TASK TO COMPLETE: Copy each line of the following data that contains "Leather".

MATERIALS PROVIDED:
+--

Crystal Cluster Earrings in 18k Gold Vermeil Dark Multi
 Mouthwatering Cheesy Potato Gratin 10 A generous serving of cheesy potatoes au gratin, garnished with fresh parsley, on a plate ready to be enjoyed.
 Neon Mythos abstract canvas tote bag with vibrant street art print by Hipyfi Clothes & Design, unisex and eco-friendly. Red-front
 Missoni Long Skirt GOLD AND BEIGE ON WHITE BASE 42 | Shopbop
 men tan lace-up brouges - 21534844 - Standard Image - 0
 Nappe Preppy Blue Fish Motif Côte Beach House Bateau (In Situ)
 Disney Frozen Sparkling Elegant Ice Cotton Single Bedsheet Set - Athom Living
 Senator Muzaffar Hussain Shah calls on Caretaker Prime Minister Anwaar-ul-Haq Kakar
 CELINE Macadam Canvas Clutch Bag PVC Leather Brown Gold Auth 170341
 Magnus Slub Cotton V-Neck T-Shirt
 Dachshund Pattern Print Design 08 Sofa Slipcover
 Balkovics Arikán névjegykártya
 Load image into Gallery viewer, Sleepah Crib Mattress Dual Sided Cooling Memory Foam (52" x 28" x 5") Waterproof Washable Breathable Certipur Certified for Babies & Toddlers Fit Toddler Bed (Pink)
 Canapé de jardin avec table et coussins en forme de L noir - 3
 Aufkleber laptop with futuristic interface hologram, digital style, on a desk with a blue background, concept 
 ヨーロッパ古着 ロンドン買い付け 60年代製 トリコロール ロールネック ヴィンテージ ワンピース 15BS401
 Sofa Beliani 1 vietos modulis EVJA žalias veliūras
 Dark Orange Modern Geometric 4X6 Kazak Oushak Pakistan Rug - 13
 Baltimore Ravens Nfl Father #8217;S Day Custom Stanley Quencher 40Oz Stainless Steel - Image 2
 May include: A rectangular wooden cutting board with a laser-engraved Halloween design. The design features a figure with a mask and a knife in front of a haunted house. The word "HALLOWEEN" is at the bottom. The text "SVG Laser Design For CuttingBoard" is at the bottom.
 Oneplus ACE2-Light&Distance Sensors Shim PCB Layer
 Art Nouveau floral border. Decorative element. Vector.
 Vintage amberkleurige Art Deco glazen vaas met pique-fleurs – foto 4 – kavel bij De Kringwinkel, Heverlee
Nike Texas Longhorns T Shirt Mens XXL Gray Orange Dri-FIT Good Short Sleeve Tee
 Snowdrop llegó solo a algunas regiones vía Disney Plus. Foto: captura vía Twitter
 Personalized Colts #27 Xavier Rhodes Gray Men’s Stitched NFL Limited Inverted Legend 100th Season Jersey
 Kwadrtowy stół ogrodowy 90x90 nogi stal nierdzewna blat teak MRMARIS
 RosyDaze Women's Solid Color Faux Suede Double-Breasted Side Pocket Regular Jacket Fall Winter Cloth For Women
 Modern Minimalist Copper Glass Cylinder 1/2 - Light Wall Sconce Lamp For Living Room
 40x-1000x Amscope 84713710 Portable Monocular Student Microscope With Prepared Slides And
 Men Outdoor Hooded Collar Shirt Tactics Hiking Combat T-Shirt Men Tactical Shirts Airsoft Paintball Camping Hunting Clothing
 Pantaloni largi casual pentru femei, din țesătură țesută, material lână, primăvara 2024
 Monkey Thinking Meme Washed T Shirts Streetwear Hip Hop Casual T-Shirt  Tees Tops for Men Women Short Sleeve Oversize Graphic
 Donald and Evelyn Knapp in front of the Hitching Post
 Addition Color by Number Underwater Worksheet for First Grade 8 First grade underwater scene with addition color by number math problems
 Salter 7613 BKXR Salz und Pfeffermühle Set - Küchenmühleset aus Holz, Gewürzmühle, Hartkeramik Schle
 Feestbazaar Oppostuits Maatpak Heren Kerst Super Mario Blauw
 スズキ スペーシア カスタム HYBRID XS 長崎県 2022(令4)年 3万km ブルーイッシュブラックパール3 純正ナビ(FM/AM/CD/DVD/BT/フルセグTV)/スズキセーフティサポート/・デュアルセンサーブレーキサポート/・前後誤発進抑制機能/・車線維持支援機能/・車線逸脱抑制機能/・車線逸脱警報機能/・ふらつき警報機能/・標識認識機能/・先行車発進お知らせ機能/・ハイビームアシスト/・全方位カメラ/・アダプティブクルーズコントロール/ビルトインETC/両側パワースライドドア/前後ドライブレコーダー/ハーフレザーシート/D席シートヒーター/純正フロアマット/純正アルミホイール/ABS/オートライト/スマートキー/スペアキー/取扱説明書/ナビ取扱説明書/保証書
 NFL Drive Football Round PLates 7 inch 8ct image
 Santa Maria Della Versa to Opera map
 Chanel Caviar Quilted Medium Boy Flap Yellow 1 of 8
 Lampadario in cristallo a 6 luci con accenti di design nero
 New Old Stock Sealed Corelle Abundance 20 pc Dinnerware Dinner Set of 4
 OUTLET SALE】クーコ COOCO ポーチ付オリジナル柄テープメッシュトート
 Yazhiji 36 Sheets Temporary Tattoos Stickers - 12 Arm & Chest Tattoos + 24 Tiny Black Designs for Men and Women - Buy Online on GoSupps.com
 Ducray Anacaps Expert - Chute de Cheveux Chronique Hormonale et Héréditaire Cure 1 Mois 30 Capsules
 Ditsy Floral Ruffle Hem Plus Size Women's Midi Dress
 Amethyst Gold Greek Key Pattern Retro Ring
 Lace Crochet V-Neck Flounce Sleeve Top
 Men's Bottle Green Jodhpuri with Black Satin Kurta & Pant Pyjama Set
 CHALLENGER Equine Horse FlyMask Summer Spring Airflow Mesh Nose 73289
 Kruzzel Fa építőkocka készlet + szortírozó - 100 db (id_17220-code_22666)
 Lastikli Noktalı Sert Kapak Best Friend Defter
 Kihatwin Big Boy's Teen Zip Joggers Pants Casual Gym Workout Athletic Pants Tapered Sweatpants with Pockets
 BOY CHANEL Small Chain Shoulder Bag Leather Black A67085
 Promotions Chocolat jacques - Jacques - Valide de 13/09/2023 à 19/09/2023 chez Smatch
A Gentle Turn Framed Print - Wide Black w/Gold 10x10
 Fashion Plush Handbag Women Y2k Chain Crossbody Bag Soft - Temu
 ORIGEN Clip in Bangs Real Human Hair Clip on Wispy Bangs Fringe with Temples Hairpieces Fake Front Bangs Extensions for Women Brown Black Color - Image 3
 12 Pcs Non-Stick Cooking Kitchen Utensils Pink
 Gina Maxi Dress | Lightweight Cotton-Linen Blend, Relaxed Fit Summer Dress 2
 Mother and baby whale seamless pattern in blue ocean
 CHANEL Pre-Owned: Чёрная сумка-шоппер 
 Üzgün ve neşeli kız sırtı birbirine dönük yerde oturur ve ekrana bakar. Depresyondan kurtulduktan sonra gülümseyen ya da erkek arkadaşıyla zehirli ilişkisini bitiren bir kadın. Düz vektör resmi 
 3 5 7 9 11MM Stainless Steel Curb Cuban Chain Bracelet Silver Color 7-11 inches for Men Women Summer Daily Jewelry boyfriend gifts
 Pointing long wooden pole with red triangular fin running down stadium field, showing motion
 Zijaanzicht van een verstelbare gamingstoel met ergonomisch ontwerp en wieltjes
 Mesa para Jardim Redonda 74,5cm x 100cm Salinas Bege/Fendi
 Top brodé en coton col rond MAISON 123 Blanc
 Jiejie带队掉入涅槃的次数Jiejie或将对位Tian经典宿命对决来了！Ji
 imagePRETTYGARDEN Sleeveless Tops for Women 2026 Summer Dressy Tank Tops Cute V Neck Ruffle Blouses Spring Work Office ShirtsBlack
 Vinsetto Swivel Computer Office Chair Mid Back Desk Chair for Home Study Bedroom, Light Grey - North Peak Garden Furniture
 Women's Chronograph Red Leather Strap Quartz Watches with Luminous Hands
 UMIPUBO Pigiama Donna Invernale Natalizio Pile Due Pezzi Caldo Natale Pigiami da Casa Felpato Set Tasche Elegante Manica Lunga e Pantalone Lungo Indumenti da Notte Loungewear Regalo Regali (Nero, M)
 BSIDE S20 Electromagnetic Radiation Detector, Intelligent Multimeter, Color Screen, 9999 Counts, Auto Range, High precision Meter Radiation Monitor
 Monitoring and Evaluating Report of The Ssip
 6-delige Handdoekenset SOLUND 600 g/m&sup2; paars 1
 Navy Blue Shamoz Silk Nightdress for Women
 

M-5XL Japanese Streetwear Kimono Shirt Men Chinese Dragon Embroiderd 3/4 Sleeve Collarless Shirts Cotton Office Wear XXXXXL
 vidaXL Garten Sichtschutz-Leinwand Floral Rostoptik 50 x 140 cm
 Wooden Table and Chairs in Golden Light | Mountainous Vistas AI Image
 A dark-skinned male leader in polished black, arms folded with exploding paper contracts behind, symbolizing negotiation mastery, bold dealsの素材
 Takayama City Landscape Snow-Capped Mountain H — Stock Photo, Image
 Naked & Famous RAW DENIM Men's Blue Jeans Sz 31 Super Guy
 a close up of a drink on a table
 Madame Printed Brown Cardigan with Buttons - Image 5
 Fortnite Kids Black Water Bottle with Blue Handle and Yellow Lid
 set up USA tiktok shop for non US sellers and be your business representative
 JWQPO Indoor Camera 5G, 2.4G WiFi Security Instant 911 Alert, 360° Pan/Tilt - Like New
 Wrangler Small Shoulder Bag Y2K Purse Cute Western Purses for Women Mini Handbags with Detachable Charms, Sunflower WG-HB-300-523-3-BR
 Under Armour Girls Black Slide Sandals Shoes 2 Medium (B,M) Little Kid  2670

+--

RESULT:
 CELINE Macadam Canvas Clutch Bag PVC Leather Brown Gold Auth 170341
 BOY CHANEL Small Chain Shoulder Bag Leather Black A67085
 Women's Chronograph Red Leather Strap Quartz Watches with Luminous Hands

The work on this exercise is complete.